There are many debates about the definitions and distinctions for replication research, particularly for internal replication research, which is conducted using the original dataset from an article or study. The debaters are concerned about what kinds of replication exercises are appropriate and about how (and whether) to make determinations of “success” and “failure” for a replication. What everyone seems to agree, however, is that the most basic test – the lowest bar for any publication to achieve – is that a third party can take the authors’ software code and data and apply the code to the data to reproduce the findings in the published article. This kind of verification should be a no-brainer, right? But it turns out, as reported in a newly published article in PLOS ONE, only 25% of the articles Benjamin D.K. Wood, Rui Müller, and I tested met this bar. Only 25% are verifiable!
I suspect (hope) that this finding raises a lot of questions in your mind, so let me try to answer them.
Why did you test this?
In our quest to use replication terms that are self-explanatory (see here for other examples) we decided to call it push button replication – you can push a button to replicate the findings presented in the tables and figures in a published study. As children of the Midwest United States, we also thought the PBR acronym was fun.
How did you test this?
We started by selecting a sample of articles to test. Our work at 3ie revolved around development impact evaluations, so we focused on these types of studies.

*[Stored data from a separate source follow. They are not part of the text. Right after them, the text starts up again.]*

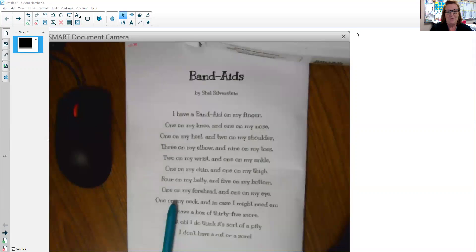Hi guys, welcome back to Focus Poetry with Ms. Chavez. Today we're going to be looking at the poem Band-Aids by Shel Silverstein. Be careful with this poem, it's a little tricky, so let's get started and see what we can find out about it.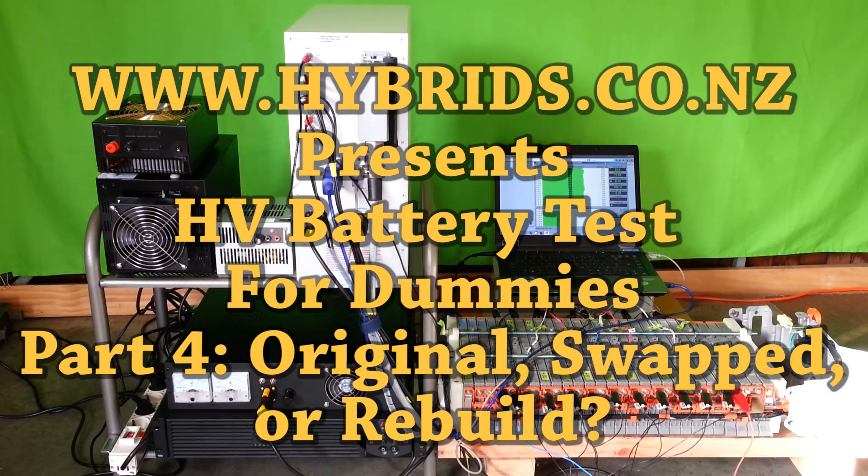Pre-used battery: original, swapped, or rebuilt — how do you know?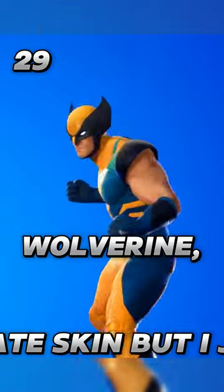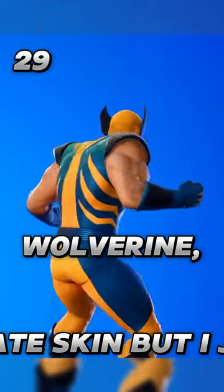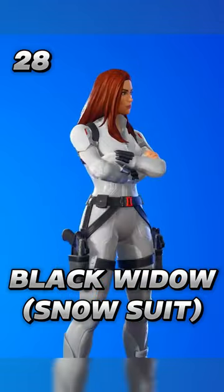Wolverine — this is a good comic accurate skin but I just don't use it that much. Black Widow Snowsuit — this is a good upgrade from the original Black Widow skin.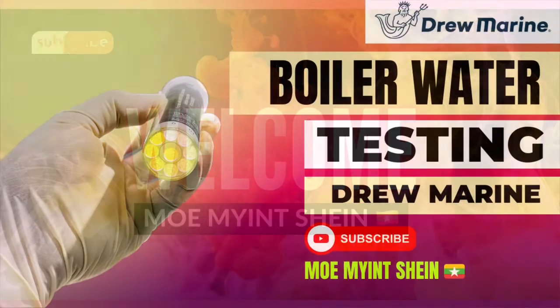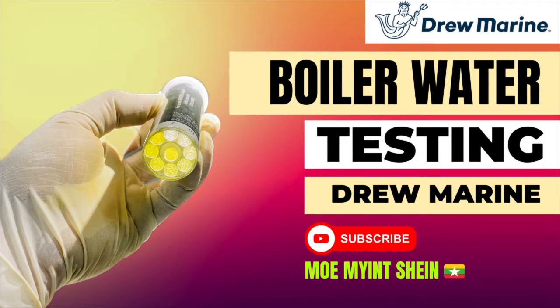Hi, nice to meet you again. In this video, you can see how to carry out boiler water and cooling water tests by using Duvarine products.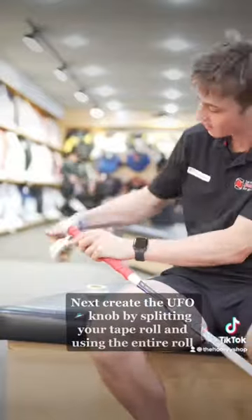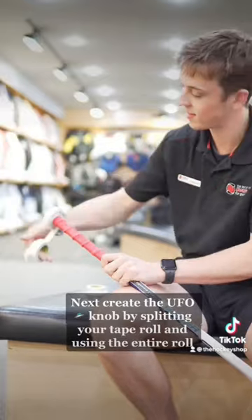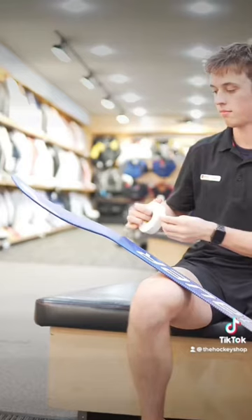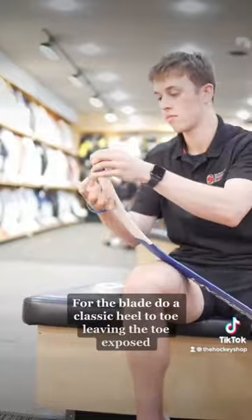Next, create the UFO knob by splitting your tape roll and using the entire roll. For the blade, do a classic heel to toe leaving the toe exposed.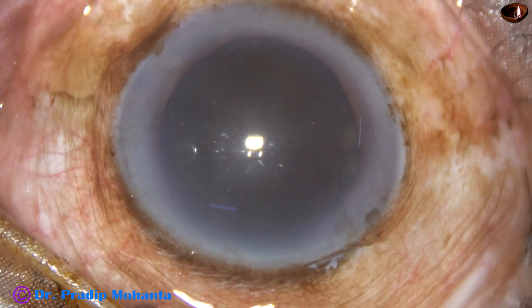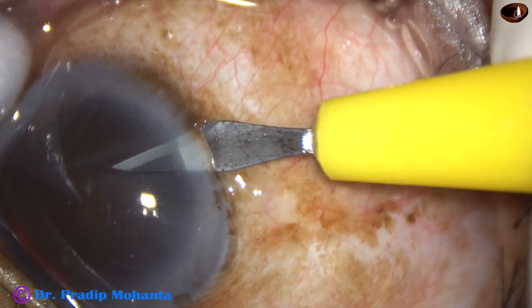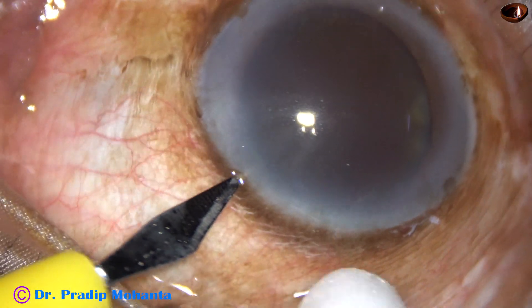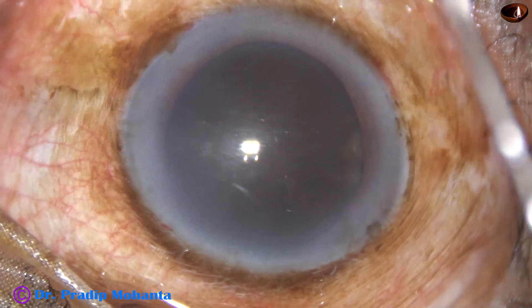This is the main incision on the posterior aspect of the limbus. This is a side port on the right side of the main incision, about 3 o'clock hours away. And this is another side port on the left side of the main incision, about 2.5 o'clock hours away.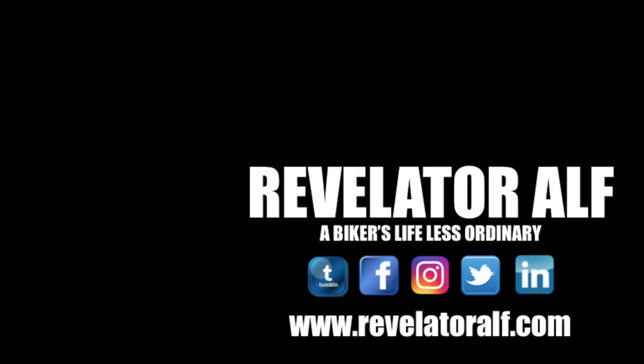Catch you again on another video. Don't forget to subscribe and share. Revelator out.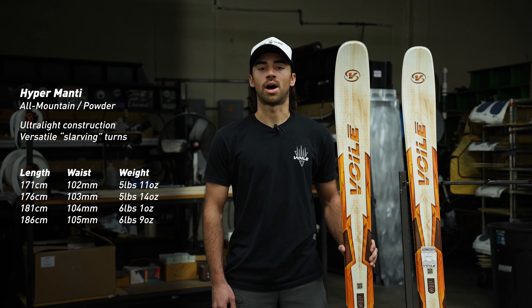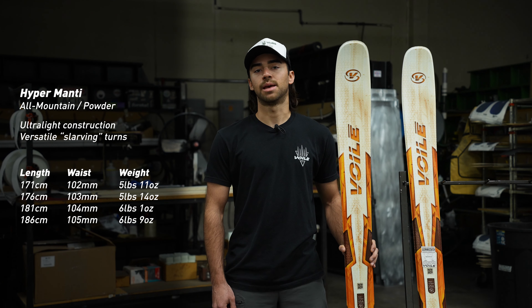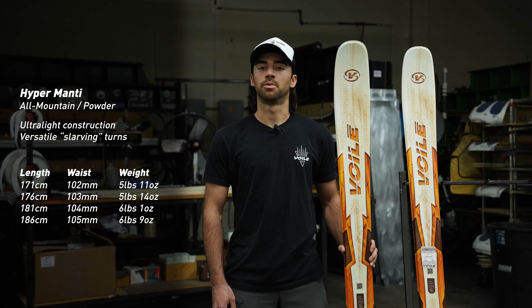The Volet Hybrid 2.0 rocker features a wide shovel in the tip for float, camber underfoot for stability, and rocker in the tail for maneuverability.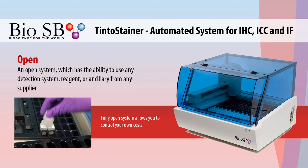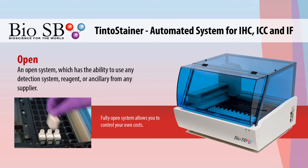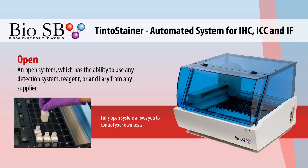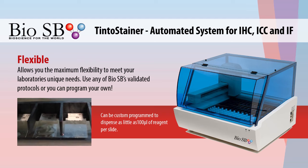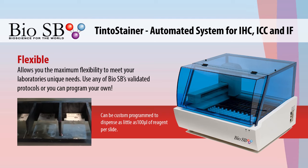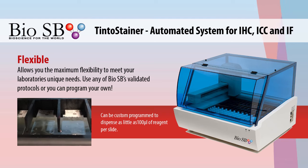This system is completely open, giving you the ability to use any detection system, reagent, or ancillary from any supplier, allowing you to control your own costs. With complete flexibility, you can use any of BioSB's validated protocols or program your own.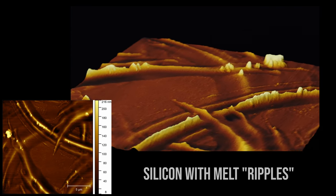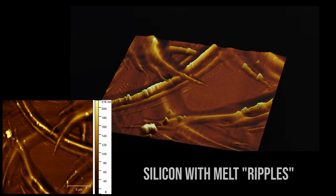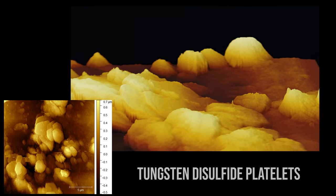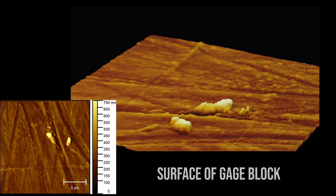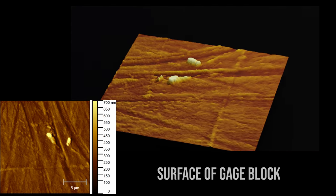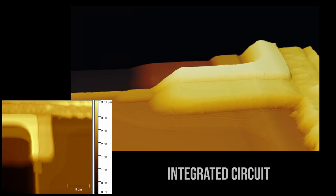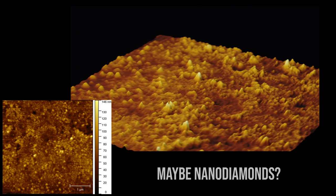This is the surface of a silicon wafer that has been partially melted with a laser, so you can see some melt ripples. These are some tungsten disulfide microplatelets — it's a van der Waals material, sort of like graphite. Here is the surface of a precision ground gauge block. This is part of an integrated circuit from 1979. And these may or may not be nanodiamonds — the jury's still out on this one.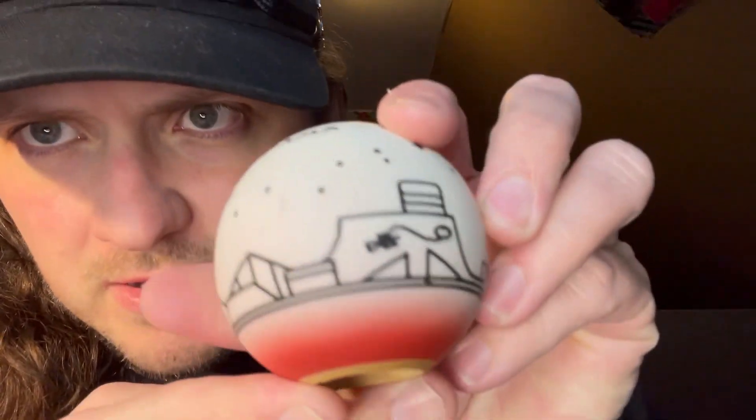It looks a little dirty — I don't know if this is factory painted or what, there's a little blemish, but whatever, it'll probably be okay. Super short spike, about an eight-finger string.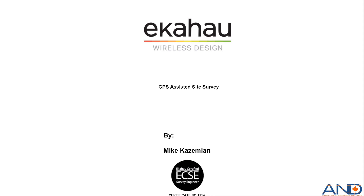Hi everyone, thank you for joining today's short video entitled GPS Assisted Survey using EkaHouse Sidekick. My name is Mikey Zimian, EkaHouse product manager at Advanced Network Devices.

One advantage of studying research within this set is that the studies use similar quantitative methods, but span many sectors and academic disciplines. We used the records in 3ie’s Impact Evaluation Repository for the period 2010 to 2012 to identify the top ten journals publishing development impact evaluations. Then we screened all the articles published in those ten journals in 2014 for those that qualified as development impact evaluations. We ended up with a sample of 109 articles.
That was the easy part. We also developed a detailed protocol for conducting a push button replication. The protocol outlines very clear procedures for requesting data and code, pushing the button, and selecting a classification. We piloted and then revised the protocol a few times before finalizing it for the project. We also created a project in the Open Science Framework (OSF) and posted the protocol and other project documents there for transparency.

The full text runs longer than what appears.